# Gulp + Juice Storage ???



## tjbjornsen (Oct 31, 2009)

OK, I bought a few of those new Plano "Liqua Bait" storage boxes, hoping that they would keep my Gulps and juice secure in the tackle box.
Nope, damn things leak as bad as just leaving them in their original bags and make a mess.
Anyone try using just regular store-bought tupperware or something for these?
Or do they melt the plastic like regular freshwater plastic baits would?
I'm not even sure I know what Gulps are made of.
Love using them, tired of the constant mess.
Thanks in advance,


----------



## tjbjornsen (Oct 31, 2009)

Well, after utilizing my personal Google machine it seems like the best idea is a used peanut butter jar.
Colors don't seem to bleed into each other like FW plastics, so I guess I can just throw them all into one container and see if that works.
Any better ideas, bring them on.
Tom


----------



## dudeondacouch (Apr 6, 2010)

I know what you need, I just don't know how to make it exist.


A nice hard plastic container with a good sealing lid that you store upside-down. Here's the trick part: When you turn it back rightside-up, the baits are suspended on a lateral plastic divider mesh. That way when you open it, you don't have to reach into the juice to grab one.


----------



## wes (Jan 3, 2004)

Try this...next time you open a gulp bottle ,take a razor blade and cut an x in the seal paper...don't cut the outer ring. I planker showed me this... It has worked well for me.


----------



## dudeondacouch (Apr 6, 2010)

or maybe you could go to a local clinic and get some urine specimen bottles. i'm pretty sure they're leakproof.


----------



## tjbjornsen (Oct 31, 2009)

dudeondacouch said:


> or maybe you could go to a local clinic and get some urine specimen bottles. i'm pretty sure they're leakproof.


Um, yeah, I would guess so...
But I was hoping for something that would hold more than 5 or 6 of them!
;-)


----------



## dudeondacouch (Apr 6, 2010)

maybe they have jumbo ones for people that really need to go?


----------



## tjbjornsen (Oct 31, 2009)

dudeondacouch said:


> I know what you need, I just don't know how to make it exist.
> 
> 
> A nice hard plastic container with a good sealing lid that you store upside-down. Here's the trick part: When you turn it back rightside-up, the baits are suspended on a lateral plastic divider mesh. That way when you open it, you don't have to reach into the juice to grab one.


Yes Sir, You are correct!
And may I ask what you are doing screwing around on the boards this afternoon, instead of being out in your garage, building the prototype of just such a thing?
And then getting the patent applications filled out?
It would also work just as well if you just had a tray that lifted up from the bottom of the container that stayed in place while you grabbed one.
There was a great thread I was reading on another board about a guy that was using a troop transport for a beach buggy and had built something like that for his eel cooler so the slime strained out to the bottom.


----------



## dudeondacouch (Apr 6, 2010)

I don't have a garage.


----------



## dudeondacouch (Apr 6, 2010)

maybe you could find some tupperware type containers that will fit those oldschool green pint strawberry baskets.


----------



## tjbjornsen (Oct 31, 2009)

dudeondacouch said:


> I don't have a garage.


Neither do I. 
Kills me.
I feel your pain!


----------



## tjbjornsen (Oct 31, 2009)

Well, now you are on to something!
My mind's eye is telling me that if I could fnd the right container I could fit two of those in the space I have to put them in.

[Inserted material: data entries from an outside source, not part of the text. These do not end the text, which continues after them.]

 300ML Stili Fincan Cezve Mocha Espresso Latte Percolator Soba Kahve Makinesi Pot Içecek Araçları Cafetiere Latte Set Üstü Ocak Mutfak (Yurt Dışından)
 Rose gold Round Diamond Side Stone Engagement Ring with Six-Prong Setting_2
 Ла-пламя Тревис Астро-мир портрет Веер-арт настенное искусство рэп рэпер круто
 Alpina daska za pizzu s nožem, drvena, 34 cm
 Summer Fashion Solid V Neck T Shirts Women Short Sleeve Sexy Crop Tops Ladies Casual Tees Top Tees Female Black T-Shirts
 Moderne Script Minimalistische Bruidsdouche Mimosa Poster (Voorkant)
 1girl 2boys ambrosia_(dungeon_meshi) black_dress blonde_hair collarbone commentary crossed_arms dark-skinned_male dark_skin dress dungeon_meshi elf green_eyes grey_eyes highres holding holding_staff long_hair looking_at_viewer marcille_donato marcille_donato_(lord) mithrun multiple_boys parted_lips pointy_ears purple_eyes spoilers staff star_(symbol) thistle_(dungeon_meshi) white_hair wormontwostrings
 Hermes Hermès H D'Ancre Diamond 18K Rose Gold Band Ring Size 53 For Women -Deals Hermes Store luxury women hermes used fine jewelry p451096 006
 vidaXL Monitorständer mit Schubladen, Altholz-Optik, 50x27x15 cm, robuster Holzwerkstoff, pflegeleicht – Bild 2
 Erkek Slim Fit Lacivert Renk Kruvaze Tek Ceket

Still didn't get the answer I was looking for on one of the more important questions;
Anyone know if Gulps melt plastics like the freshwater stuff does?

If people are storing them in old Peanutbutter jars, I am guessing the answer to this is "No".


----------



## dudeondacouch (Apr 6, 2010)

The gulp "alive" jars seem to be basic PETE hard plastic and don't melt. I can also tell you that they don't melt ziploc bags.


----------



## new2salt (Dec 28, 2000)

Here is the one I have been using it for 3 years and its made by Rubbermaid. It has a rubber seal and has 4 locking tabs. It has been on it's lid nearly as much as it has set upright and so far no leaks.  I got it at Wally world and I believe it is the quart size.


----------



## tjbjornsen (Oct 31, 2009)

Fantastic.
That tells me what I need to know.
Thanks Salt


----------



## RuddeDogg (Mar 20, 2004)

new2salt said:


> Here is the one I have been using it for 3 years and its made by Rubbermaid. It has a rubber seal and has 4 locking tabs. It has been on it's lid nearly as much as it has set upright and so far no leaks.  I got it at Wally world and I believe it is the quart size.



Yup. Really works.


----------



## bassnut (Jun 4, 2006)

I found out after a wet smelly tackle bag, but the secret to the plano liquid bait lockers is not to over tighten the lid. Just screw it on till it stops, do not snug it. When you snug it, it pinches the seal and causes it to leak.


----------



## narfpoit (Jun 16, 2004)

new2salt said:


> Here is the one I have been using it for 3 years and its made by Rubbermaid. It has a rubber seal and has 4 locking tabs. It has been on it's lid nearly as much as it has set upright and so far no leaks.  I got it at Wally world and I believe it is the quart size.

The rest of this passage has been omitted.